# 5000 Posts For Oregon Camper!



## skippershe (May 22, 2006)

Way to go Jim! 









Keep up the good work...Your posts are always helpful AND fun to read








Dawn


----------



## Txcamper (Apr 3, 2006)

Congrats.


----------



## HootBob (Apr 26, 2004)

Congrats Jim on hitting the 5000 
Way to go keep up the great post









Don


----------



## Moosegut (Sep 24, 2005)

Wow! That's moderator status. Always enjoy your posts and your expertise in dry camping. Keep em coming.

Scott


----------



## tdvffjohn (Mar 10, 2005)

No wonder there is so much to read









Congrats









John


----------



## Thor (Apr 7, 2004)

Jim

You are the man. Way to go





































Thor


----------



## mswalt (Sep 14, 2004)

Hey, Jim,

Don't you ever go to bed?







Seems like every time I get up, the last 100 or so posts came from Oregon_Camper.

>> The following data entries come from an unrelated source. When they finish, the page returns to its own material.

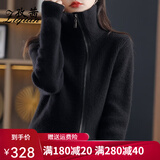 孜茜 秋冬新款高领羊毛衫开衫女慵懒范宽松斜拉链加厚毛衣短款针织衫外套 黑色 XXL
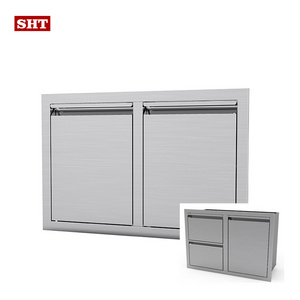 Custom Stainless Steel Built In Double Walled Bbq Doors For Outdoor Kitchen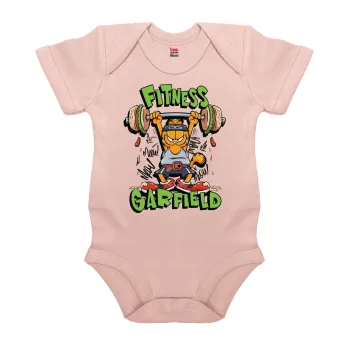 Garfield Fitness, Βρεφικό φορμάκι μωρού, 0-18 μηνών, ΡΟΖ POWDER, 100% Organic Cotton, κοντομάνικο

I do enjoy them, though. Congrats!

Mark


----------



## PDX_Doug (Nov 16, 2004)

*WOOF! WOOF!*

*Go Big Dog! Go!*

Keep 'em coming, Jim!









Happy Trails,
Doug


----------



## RizFam (Feb 25, 2006)

*CONGRATS & THANKS FOR YOUR MANY INFORMATIVE & ENTERTAINING POSTS *









Tami


----------



## campmg (Dec 24, 2005)

Congrats on the hitting 5,000. Seems like just a little while ago I was congratulating you for hitting 4,000.

Keep up the good work.


----------



## tdvffjohn (Mar 10, 2005)

campmg said:


> Congrats on the hitting 5,000. Seems like just a little while ago I was congratulating you for hitting 4,000.
> 
> Keep up the good work.


It was


----------



## NDJollyMon (Aug 22, 2003)

How many fingers is that????


----------



## 3LEES (Feb 18, 2006)

campmg said:


> Congrats on the hitting 5,000. Seems like just a little while ago I was congratulating you for hitting 4,000.
> 
> Keep up the good work.


A little while ago? Heck, wasn't it last week?









Congrats Jim!










Dan


----------



## wolfwood (Sep 19, 2005)

WAY TO O/C!!!!!!!!

Nothing more to say - you've used up all the words


----------



## Thor (Apr 7, 2004)

wolfwood said:


> WAY TO O/C!!!!!!!!
> 
> Nothing more to say - you've used up all the words


Is that even possible









Thor


----------



## wolfwood (Sep 19, 2005)

Thor said:


> WAY TO O/C!!!!!!!!
> 
> Nothing more to say - you've used up all the words


Is that even possible









Thor
[/quote]
Its the only reason I could imagine that I would be/could be speechless ....
(







Ok - so I said it before any of you had the chance!)


----------



## z-family (Oct 2, 2004)




----------